Une consommation en recul, une production en hausse

Depuis deux ans, la consommation d’électricité en France a fortement diminué. Ce recul s’explique par les effets durables des campagnes de sobriété énergétique menées en 2022, mais aussi par l’amélioration des performances des équipements électroménagers. Les ménages ont intégré de nouveaux réflexes de consommation plus économes.

Dans le même temps, la production d’électricité a fortement progressé. L’énergie solaire a connu un développement rapide, avec des pics de production enregistrés entre 11 heures et 16 heures. Le 31 mars 2025 à 13 h 30, la production solaire a atteint un niveau record de 18 gigawatts. Cette dynamique s’ajoute à celle de l’éolien et de l’hydraulique, renforcés par des conditions météorologiques particulièrement favorables. En parallèle, le parc nucléaire français fonctionne de nouveau à pleine puissance. Ce cocktail d’une demande en baisse et d’une offre en hausse a conduit à une situation inédite : certains jours, la France produit bien plus d’électricité qu’elle n’en consomme.

Un excès d’électricité qui fragilise le système

Ce déséquilibre génère des conséquences majeures. Sur le plan économique, il entraîne des pertes importantes pour les producteurs. Lorsque l’offre dépasse la demande, les prix du marché de gros deviennent négatifs : les producteurs doivent parfois payer pour injecter leur électricité sur le réseau.

L’exportation, qui pourrait sembler une solution, devient elle aussi problématique. Lorsque les pays voisins sont également en situation de surproduction, les producteurs français doivent rémunérer les gestionnaires de réseaux étrangers pour qu’ils acceptent leur électricité. Ce phénomène inverse la logique habituelle, où les exportations représentaient un gain.

Pour éviter que le réseau ne sature, RTE a dû suspendre temporairement la production de plusieurs installations renouvelables.

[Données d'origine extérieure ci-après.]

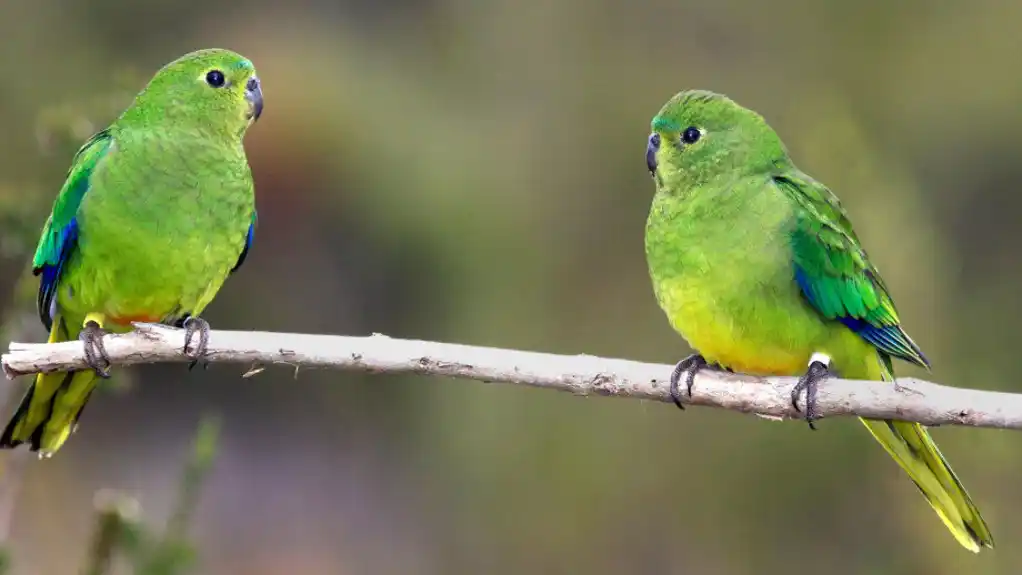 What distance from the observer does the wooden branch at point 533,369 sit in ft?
6.91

Treize parcs solaires ou éoliens ont ainsi été déconnectés depuis mars 2025. Ces arrêts, coûteux car indemnisés, illustrent la difficulté à réguler un réseau soumis à des pics de production imprévus. RTE estime que ces tensions pourraient durer jusqu’en juin.

Malgré cette abondance, le prix de l’électricité ne baisse pas pour les particuliers : les tarifs sont fixés par contrat sur des périodes longues et ne dépendent pas des prix de marché ponctuels.

Le stockage d’électricité : une fausse solution à court terme

Face à cette surproduction, l’idée de stocker l’électricité semble naturelle. Mais dans les faits, elle reste difficile à mettre en œuvre à l’échelle nationale. L’électricité ne se stocke pas comme d’autres énergies. Les solutions actuelles présentent des limites importantes.

Les batteries industrielles, encore très coûteuses, ne permettent pas de lisser efficacement la production. Les stations de transfert d’énergie par pompage (STEP), qui stockent l’eau en altitude pour produire de l’électricité au moment opportun, ne représentent qu’une capacité de 3 gigawatts. Les installations hydroélectriques, quant à elles, jouent un rôle d’amortisseur, mais ne suffisent pas à gérer des surplus aussi massifs.

À l’heure actuelle, le stockage n’est donc pas une réponse structurelle suffisante pour faire face à la surproduction.

Adapter les usages pour absorber les pics de production

La solution passe par une meilleure coordination entre production et consommation. Pour cela, plusieurs leviers sont en cours de déploiement.

Une réforme des heures pleines et heures creuses est envisagée pour le second semestre 2025. Historiquement positionnées la nuit, ces plages tarifaires réduites pourraient être proposées en partie en journée, notamment entre 11 heures et 17 heures, afin de coïncider avec les pics de production solaire. Cela favoriserait le décalage des usages énergivores (lave-linge, chauffe-eau, recharge de véhicules électriques) vers les moments où l’électricité est disponible en abondance.

En complément, RTE prévoit d’étendre son mécanisme d’ajustement aux parcs solaires et éoliens d’une puissance supérieure à 10 mégawatts. Ce dispositif permet de demander une modulation de la production en temps réel, en fonction de l’état du réseau.

Enfin, producteurs et fournisseurs sont incités à affiner leurs prévisions de production et de consommation. Une meilleure anticipation des déséquilibres permettra de limiter les interventions d’urgence et d’assurer un pilotage plus efficace du réseau.